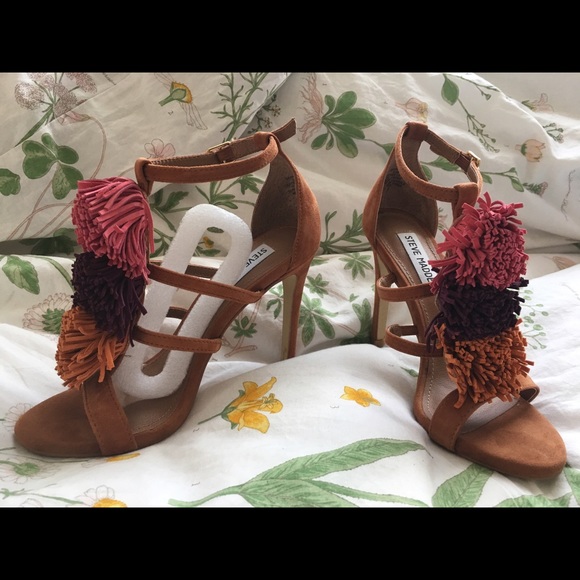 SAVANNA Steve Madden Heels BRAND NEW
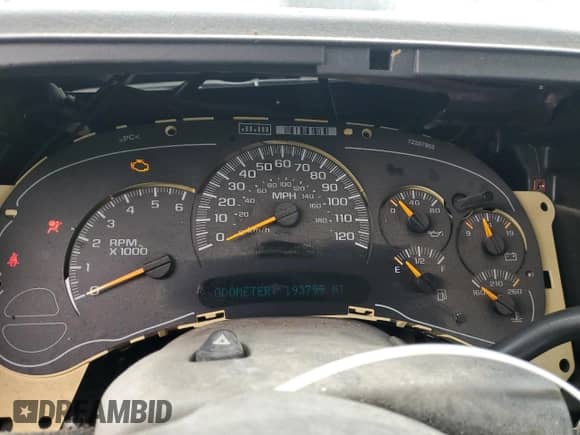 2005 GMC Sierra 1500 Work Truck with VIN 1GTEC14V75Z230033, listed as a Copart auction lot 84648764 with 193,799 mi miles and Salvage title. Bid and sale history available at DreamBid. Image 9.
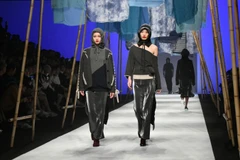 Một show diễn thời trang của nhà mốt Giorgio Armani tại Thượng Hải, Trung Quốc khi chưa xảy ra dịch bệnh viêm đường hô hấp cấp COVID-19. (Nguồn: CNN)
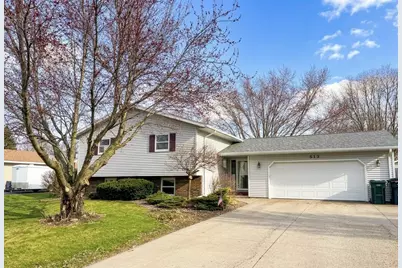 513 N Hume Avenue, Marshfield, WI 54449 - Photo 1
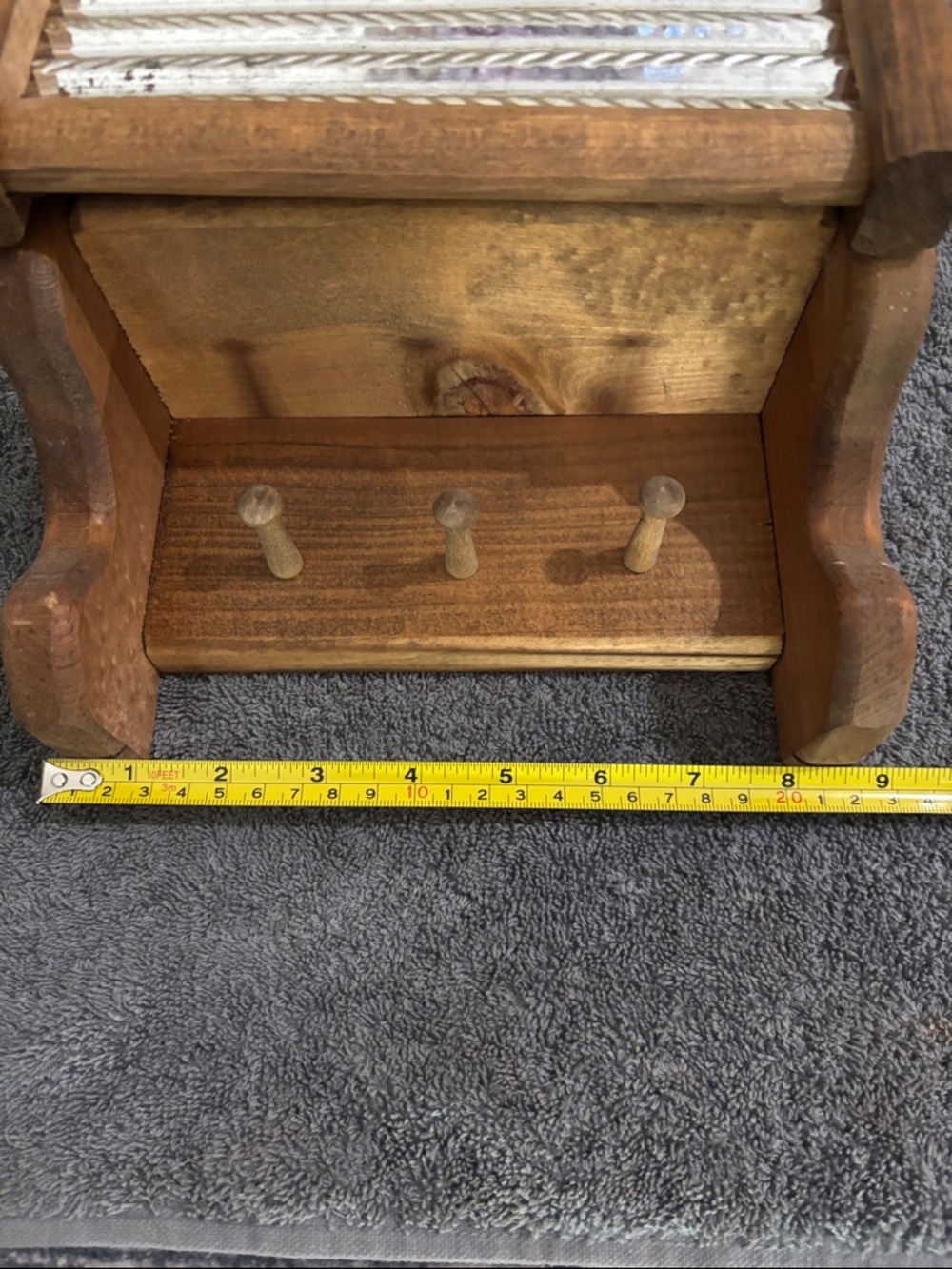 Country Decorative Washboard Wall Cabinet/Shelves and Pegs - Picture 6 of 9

::::::::

» **What is being asked**: The copy you produce must hold all the records above exactly and none of their pictures.

» **Answer section**:
 SAVANNA Steve Madden Heels BRAND NEW
 2005 GMC Sierra 1500 Work Truck with VIN 1GTEC14V75Z230033, listed as a Copart auction lot 84648764 with 193,799 mi miles and Salvage title. Bid and sale history available at DreamBid. Image 9.
 Một show diễn thời trang của nhà mốt Giorgio Armani tại Thượng Hải, Trung Quốc khi chưa xảy ra dịch bệnh viêm đường hô hấp cấp COVID-19. (Nguồn: CNN)
 513 N Hume Avenue, Marshfield, WI 54449 - Photo 1
 Country Decorative Washboard Wall Cabinet/Shelves and Pegs - Picture 6 of 9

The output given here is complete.